Anche il motivo all’esame si presenta privo di una precisa identificazione, necessaria, appunto, per evidenziarne e compiutamente individuarne il preciso contenuto ed analizzarne la fondatezza o meno, sia in generale che riguardo ai singoli fatti proposti. Le censure, in tale modo articolate, risultano allora eterogenee e rapsodiche, contraddistinte piuttosto dall’evidente scopo di contestare globalmente le motivazioni poste a sostegno della decisione impugnata, risolvendosi, in buona sostanza, nella richiesta di una inammissibile generale (ri)valutazione alternativa delle ragioni poste a fondamento della sentenza impugnata, in senso antagonista rispetto a quella compiuta dal giudice di appello (Cass. n. 1885 del 2018); così, inammissibilmente, rimettendo nella sostanza al giudice di legittimità il compito di isolare le singole doglianze teoricamente proponibili onde ricondurle a uno dei mezzi di impugnazione enunciati dal citato art. 360 c.p.c., per poi ricercare quali disposizioni possano essere utilizzabili allo scopo; in sostanza, attribuendo al giudice di legittimità il compito di dar forma e contenuto giuridici alle generiche censure del ricorrente, per poi decidere su di esse.

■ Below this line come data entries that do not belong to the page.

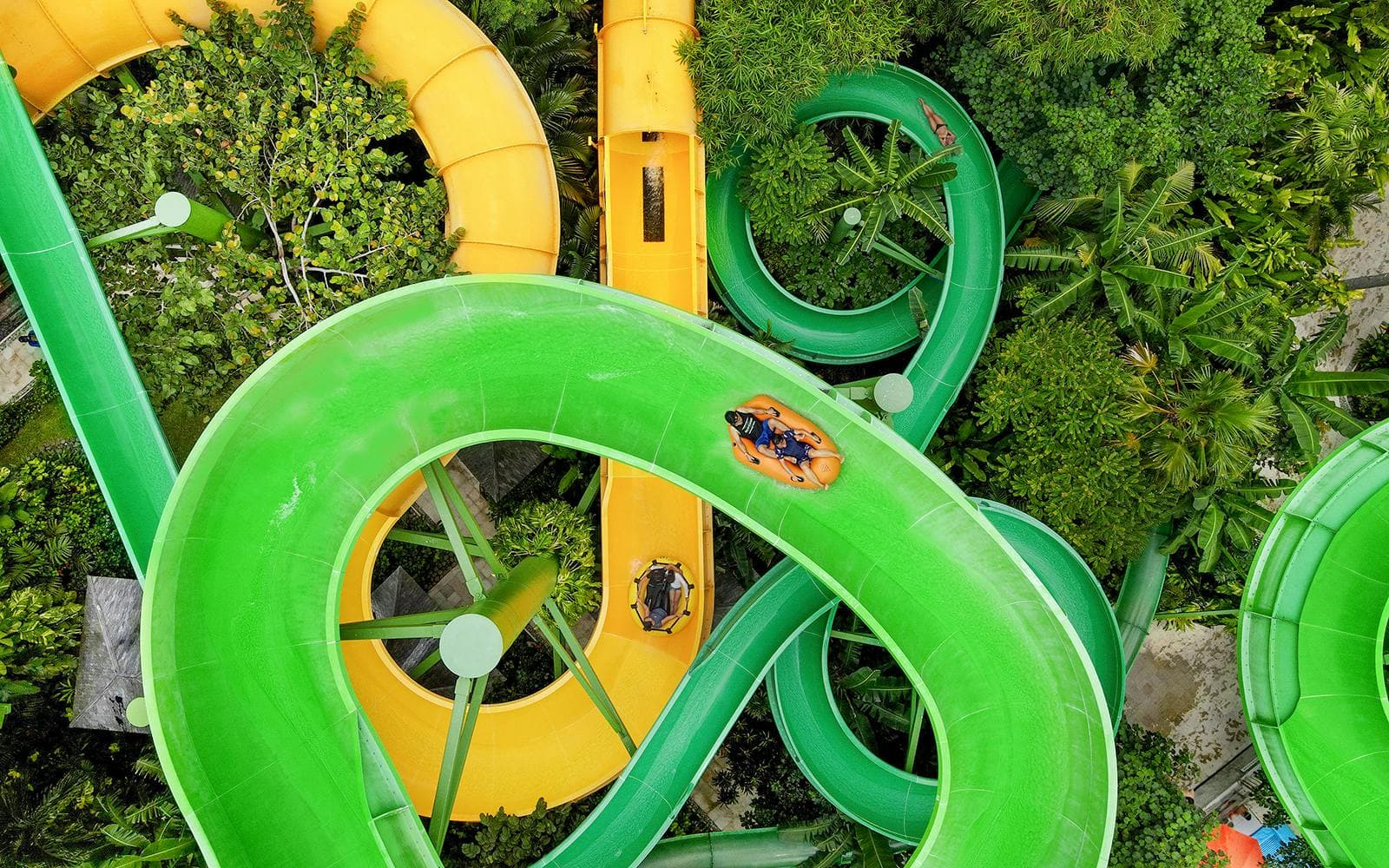 https://cdn-imgix.headout.com/media/images/70f00c22fc7c35f8f9b4d2b6297f343c-27095-bali-waterbom-bali-skip-the-line-admission-ticket-for-indonesia-residents-01.jpg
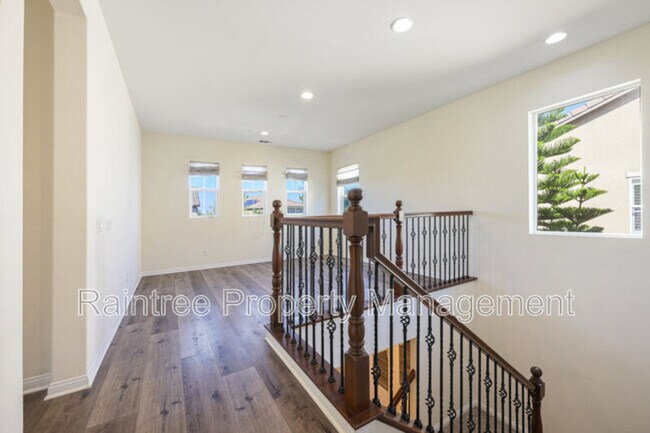 Building Photo - 1735 Avenida Regina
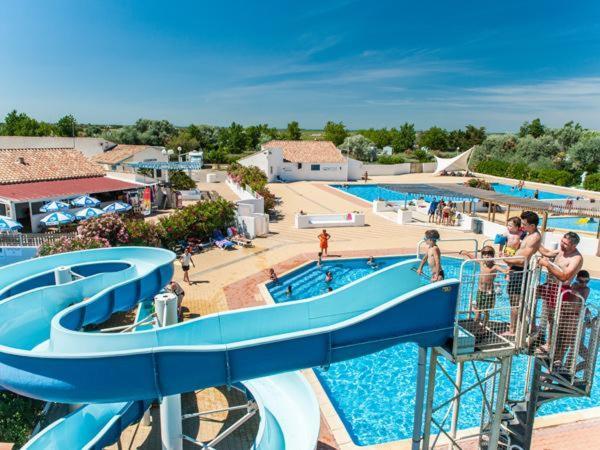 Camping La Brise De Camargue Сент-Мари-де-ла-Мер Экстерьер фото
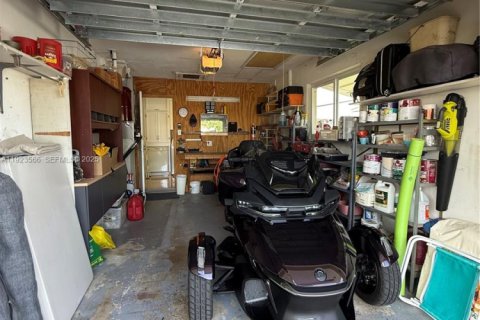 Casa en venta en Tamarac, Florida, 2 dormitorios, 74.88 m2 № 1982295 - foto 13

3. – Il ricorso va dunque rigettato. Le spese seguono la soccombenza e si liquidano come da dispositivo. Va emessa la dichiarazione D.P.R. n. 115 del 2002, ex art. 13, comma 1 quater.

PQM

La Corte rigetta il ricorso. Condanna la società ricorrente al pagamento in favore dei controricorrenti delle spese del presente grado di giudizio, che liquida in complessivi Euro 4.000,00 di cui Euro 200,00 per rimborso spese vive, oltre al rimborso forfettario spese generali, in misura del 15%, ed accessori di legge. Ex D.P.R. n. 115 del 2002, art. 13, comma 1 quater, sussistono i presupposti per il versamento, da parte del ricorrente, dell’ulteriore importo a titolo di contributo unificato pari a quello dovuto per il ricorso, a norma dello stesso art. 13, comma 1 bis.

Così deciso in Roma, nella Camera di Consiglio della Sezione Seconda Civile della Corte Suprema di Cassazione, il 15 settembre 2021.